If $n \equiv 3 \pmod{4}$ then there is a prime $p$ such that $p \equiv 3 \pmod{4}$ and $p \mid n$.

Question

Let $n \in \mathbb{N}$ such that $n \equiv 3 \pmod{4}$. Prove that there exists a prime $p$ such that $p \equiv 3 \pmod{4}$ and $p \mid n$.

I'm seriously confused on this problem. Wouldn't $p$ have to be equal to $n$? Any suggestions on how to approach this would be great

Answer 1

Try the contrapositive:

If for all primes factors $p$ of $n$ we have $p\equiv 1 \bmod 4$, then $n\equiv 1 \bmod 4$.

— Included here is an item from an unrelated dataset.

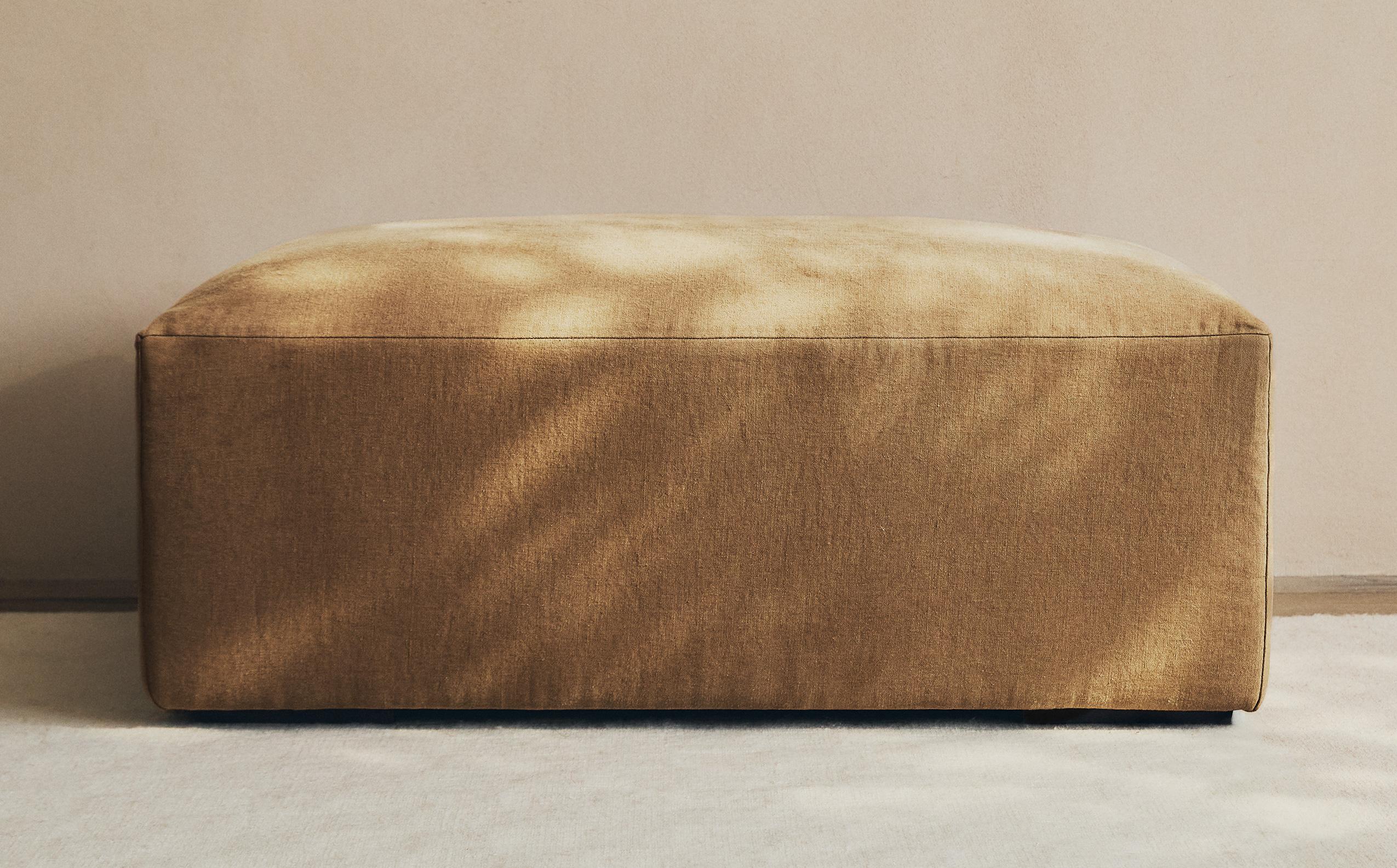 WASHED LINEN POUF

This follows directly from

If $x,y \equiv 1 \bmod 4$, then $xy \equiv 1 \bmod 4$

which is easy to prove.

A final detail is that if $p=2$ is a factor of $n$, then we can't have $n\equiv 3 \bmod 4$.

Answer 2

Assume to the contrary that all prime divisors of $n$ is of the form $4k+1$ ( we can eliminate the cases $p = 4k, 4k+2$ since both forms yield composite $p$. Thus taking product we have: $n = p_1^{n_1}\cdot p_2^{n_2}\cdots p_k^{n_k}=(4s_1+1)^{n_1}\cdots (4s_k+1)^{n_k}= 1\pmod 4$, contradiction. Thus the result follows.